We are going to do a series of articles over the next couple of months about the Santa Monica Mountains Conservancy (SMMC) and its joint powers affiliate, the Mountains Recreation & Conservation Authority (MRCA). Since both entities have an enormous influence in the mountains and canyons, we intend to first take a careful and detailed look at Sycamore Canyon and the litigation related to public access and alleged Coastal Act violations. Additionally, we will be looking at the Bluffs Park plans and then additional activities of both entities. We are doing this series jointly with the journalism department at Pepperdine University and we expect there will be print stories running in The Malibu Times, and both a video and broadcast aspect.
We intend to look at the past history of both entities, their purchases, their funding sources, past litigation, use of monies from bond and ballot propositions, and oversight of their activities by the executive and the legislature.

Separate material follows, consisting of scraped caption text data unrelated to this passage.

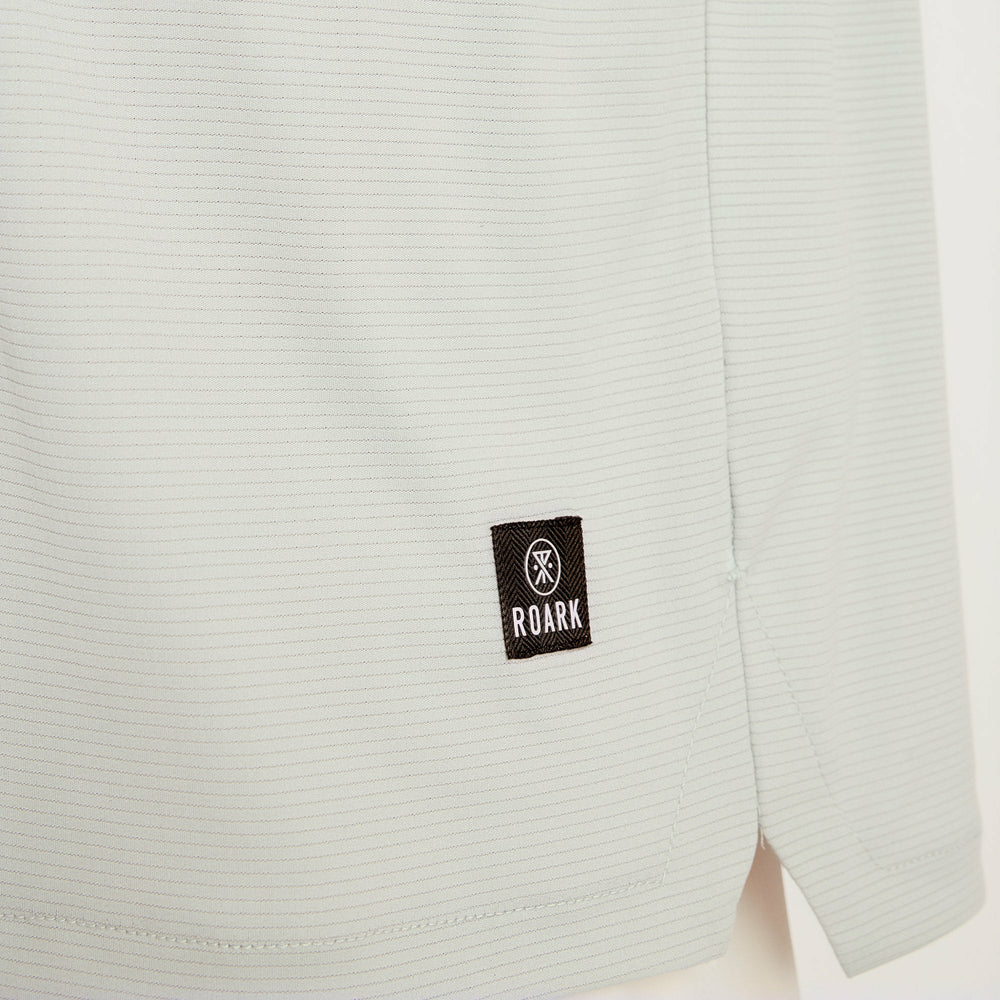 Roark Alta Elite Trail Short Sleeve Tee in Grey - Men|Run / Active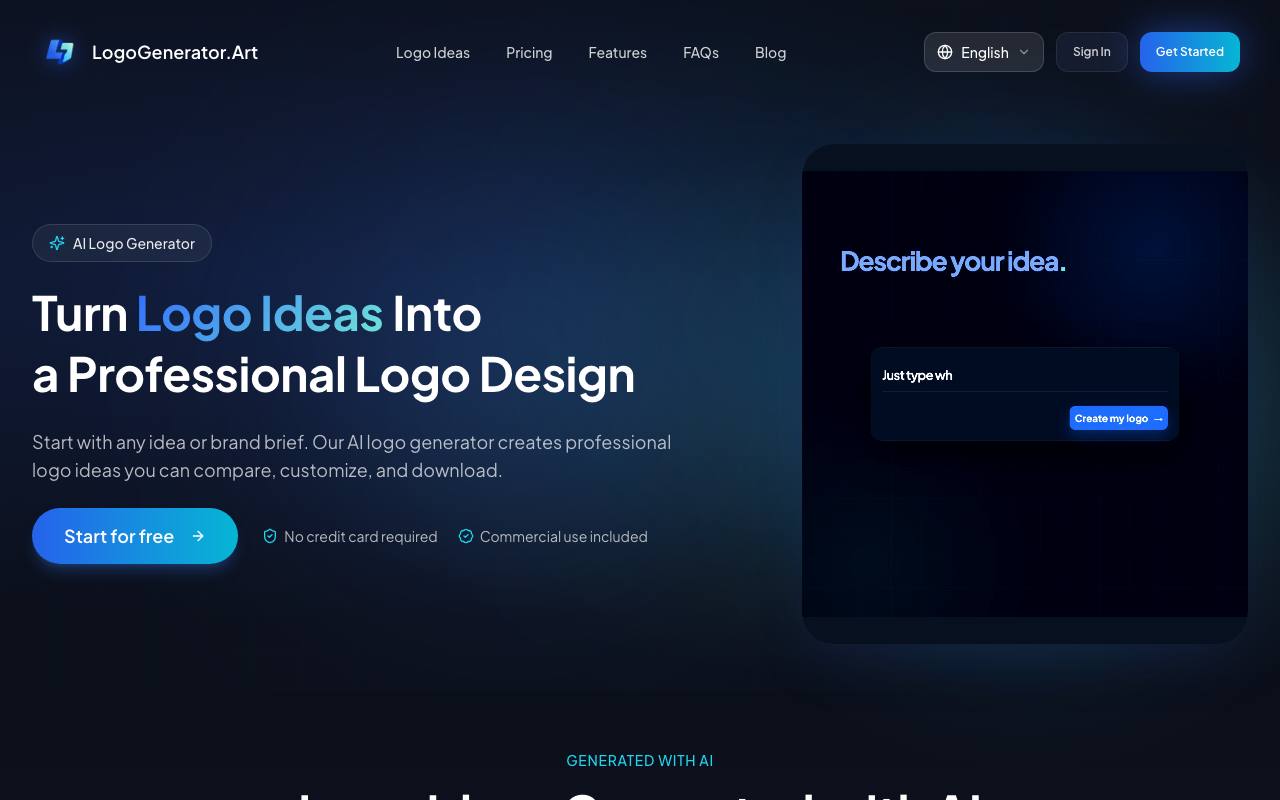 AI Logo Generator screenshot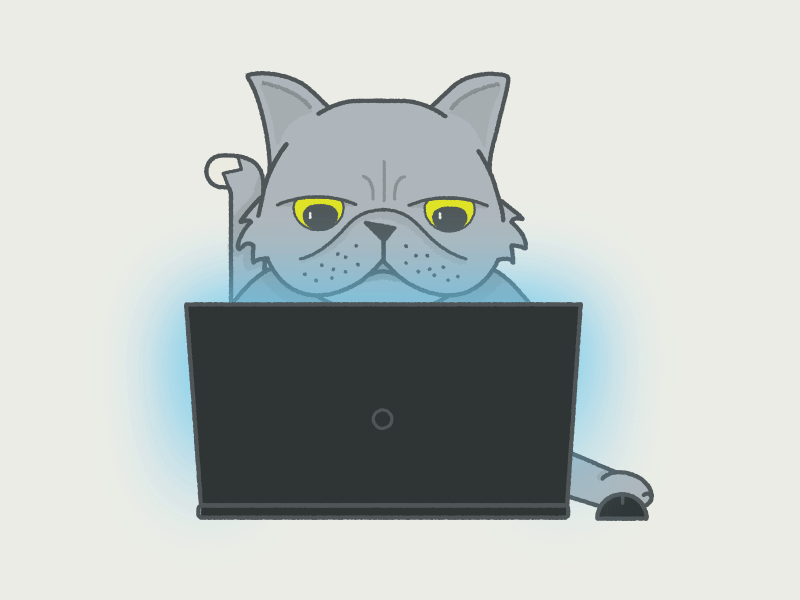 Cat Jokes cat computer internet vector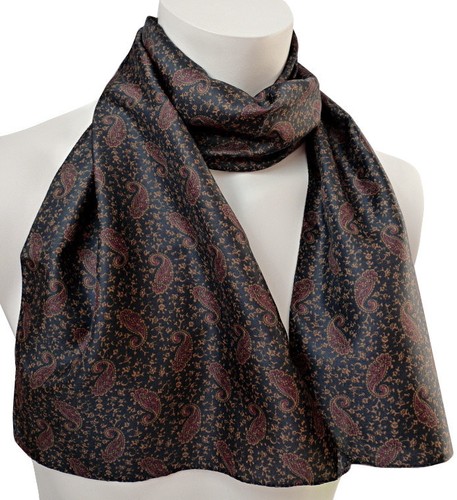 Eleganter paisley herrenschal - paisley,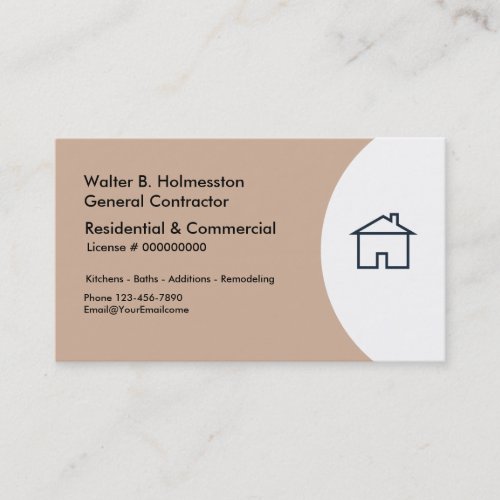 Construction Contractor Business Cards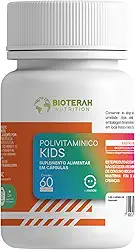 Polivitamínico Kids 60CAPS BIOTERAH - Suplemento Infantil Completo Vitaminas e Minerais Suporte Nutricional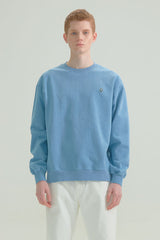 ロゴ ワッペン ピグメント スウェットシャツ ブルー / LOGO WAPPEN PIGMENT SWEATSHIRTS [BLUE] (4413982769270)
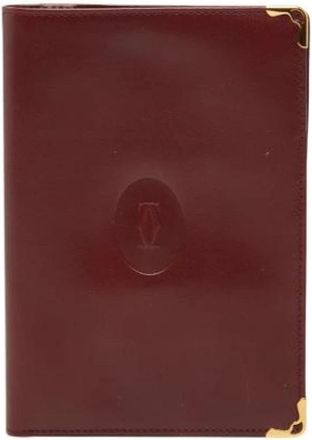 Cartier Pre-owned Vintage Portemonnee (bi-fold) - Dames - Vintage Accessoires - Rood - ONE Size - Leer - Vintage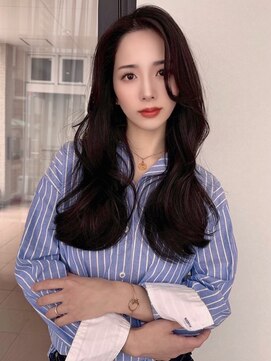 ソヨン 金山店(SOYON) ニュアンスカラー/黒髪スタイル/グレージュ/レイヤーカット/g116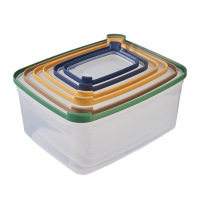 阡佰家(QIANBAIJIA) 6131 方形保鲜盒六件套食物保鲜盒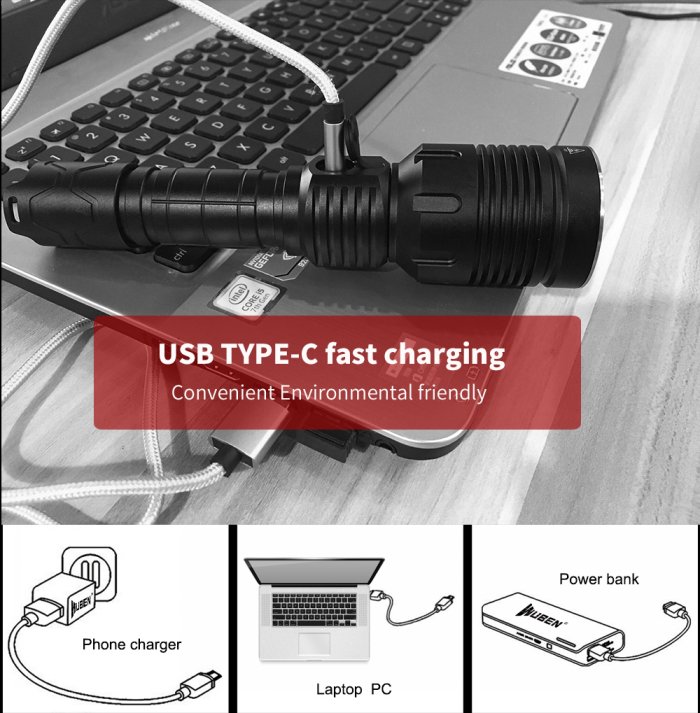 USB rechargeable lampe torche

This is going to be a fair, journalistic exploration of the facts. Part of it is going to be here in Malibu, and part in LA County. We also anticipate it will take us up to the state capitol in Sacramento
We could use your help. There are many people who have interacted with both organizations and their executive, Joe Edmiston, and we want to talk to those people. We know there are all sorts of documentary evidence, documents from legal proceedings, letters and emails that we would like to review. If you know of people we should be interviewing, please send me an email at email@example.com giving me their names, addresses, phone numbers and email addresses and tell us why you think they might have information. Please don’t call unless it’s absolutely urgent—use email instead.
Thank you all for your help.
P.S. Investigative pieces are complicated, involving many people, and these days many people state opinions as if they were facts. We’ll try to avoid those mistakes, but if do go wrong, write us and tell us.